Most clematis vines do not irritate people with hay fever, with the exception of the North American native Virgin’s-Bower (Clematis viticella) and Sweet Autumn Virgin’s-Bower (Clematis terniflora).
Coleus plants add so much color to the garden with their leaves that most gardeners pinch off the flowers, before they bloom. This will give you a thicker, lusher plant and no allergy trigger.
Although the brush-like stamens of the columbine flower look like they could explode with pollen, these plants rely on nectar loving birds and insects who dive into their flipped back spurs in search of sweet nectar, to brush up against their stamens and carry the pollen to the pistil, for pollination.
Geraniums (Pelargonium) give off very little pollen. In fact, scientists have even developed a pollen-free geranium, although it is not in wide-spread distribution, yet. They may not cause sneezing, but some people do get a skin irritation from touching the leaves.
Hibiscus flowers produce very heavy pollen, which is not airborne. However people with hay fever should use caution drinking hibiscus tea, which is made with the flowers and can still contain the pollen.
Hosta plants are workhorses in the garden. Gardeners love them because they require so little care. Since the flowers are usually cut off before they bloom, there’s no problem with allergies.
Hydrangeas are still be studied for their relationship to allergies. Most are not irritants, especially the modern cultivars. However sensitive people might want to avoid Pee Gee Hydrangeas (Hydrangea paniculata) and Oak Leaf Hydrangea (Hydrangea quercifolia).
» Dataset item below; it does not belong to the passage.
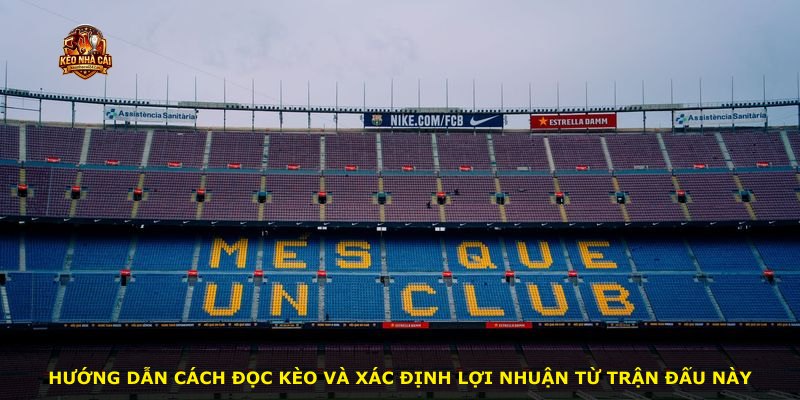 Hướng dẫn cách đọc kèo và xác định lợi nhuận từ trận đấu này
The pollen particles of impatiens are large and sticky, perfect for visiting insects to carry to the next flower, but too heavy to be picked up by the wind.
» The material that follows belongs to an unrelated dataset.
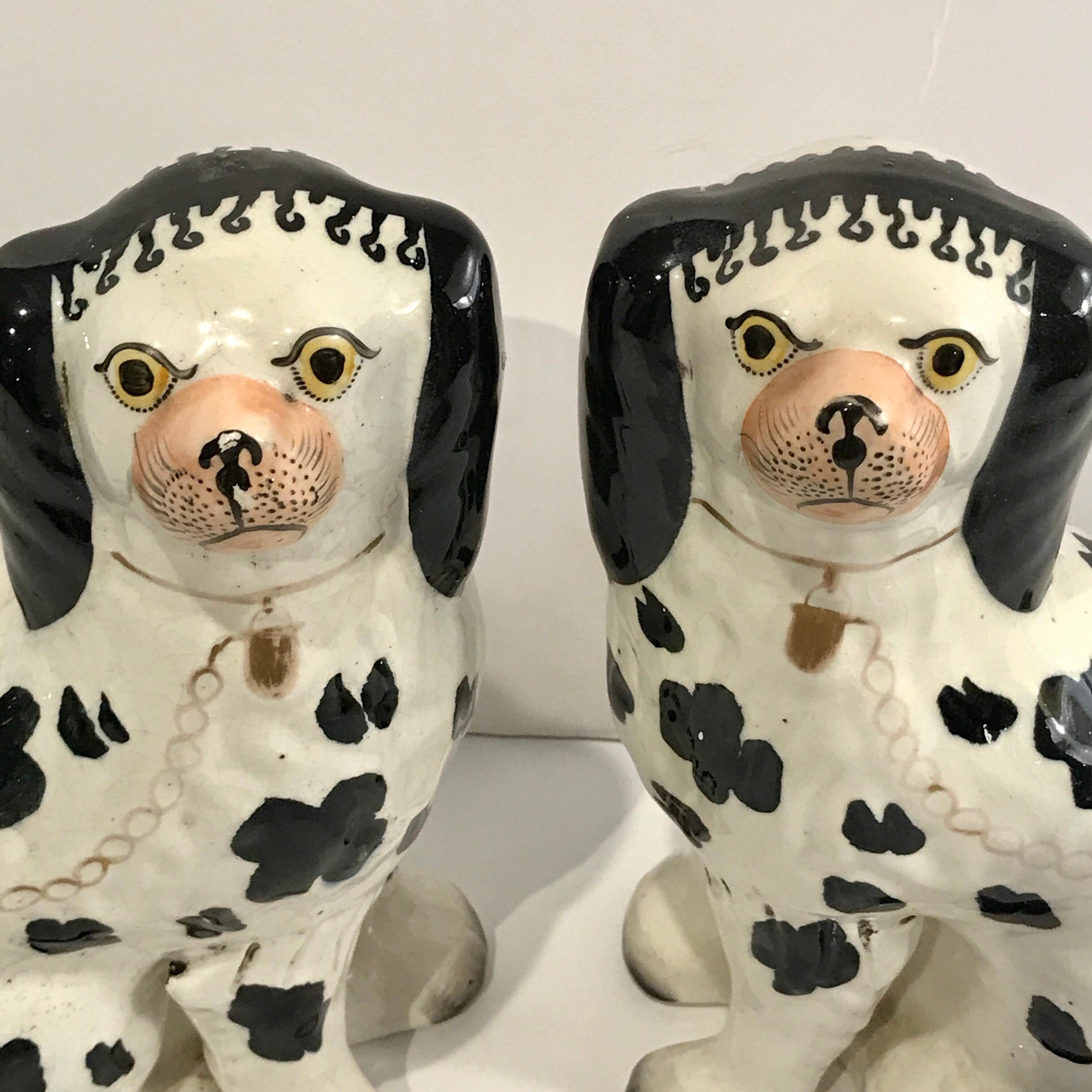 19th Century Staffordshire Seated Disraeli Black and White Spaniel Dogs 2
Iris do not depend on the wind. The sloping sepals of the iris flower are perfectly designed to lure bumblebees deep inside the flower, where they feast on nectar, while rubbing up against the sticky pollen and carry it off the the next flower.
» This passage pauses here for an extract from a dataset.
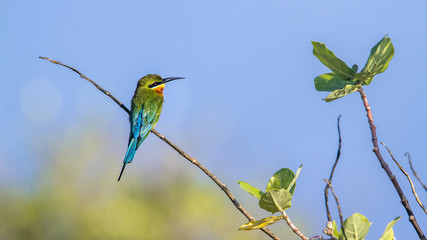 Blue-tailed bee-eater in Kalpitiya, Sri Lanka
While lilies have a good amount of pollen, it is very easy to remove the stamens and the pollen-laden anthers with them. Be careful, because the yellow pollen can stain clothes and fingers. Even worse, the stems can exude a sap that causes skin irritation in sensitive people.
Orchid pollen does not often trigger allergic reactions, although some very sensitive people may experience hay fever, especially if the plant is indoors. More likely, skin irritations from the sap some orchids exude, can occur.
Petunias give off a faint scent that becomes much more pronounced when the plants are grown en masse. However, their pollen is not considered an allergen.
Phlox pollen is not airborne and the plants are often suggested as an alternative to mums, for some late season color without the irritation so often caused by mums and its cousins in the Aster family.
Although rose pollen can be airborne, most roses do not trigger hay fever. Roses with dense petals release less pollen than single flowers. The worst culprits seem to be wild roses.
Sanpdragons are a great choice for both spring and fall gardens. The snapped shut flower that bees love to squeeze their way inside of tends to keep its pollen contained.
Most spring bulbs are self-pollinating. Although their pollen can become airborne, the flowers tend to be very low in pollen. This includes some of the most popular spring bloomers, including crocus, daffodils, hyacinthand tulips.
The cheery globes of Thrift’s (Ameria maritima) pink or white flowers rely on bees for pollination and should not cause hay fever sufferers any distress.
Verbena plants are suggested for attracting more pollinators to your garden. Although they are rich in nectar and pollen, the pollen does not travel on the wind and should not affect people with hay fever.
The thick, sticky pollen of members of the viola family, including pansies, it too heavy to be caught up in the wind. These plants do not contribute to hay fever.
Although zinnias are part of the Aster family that contains so many plants that trigger hay fever, the newer hybrids do not appear to cause problems, for most people.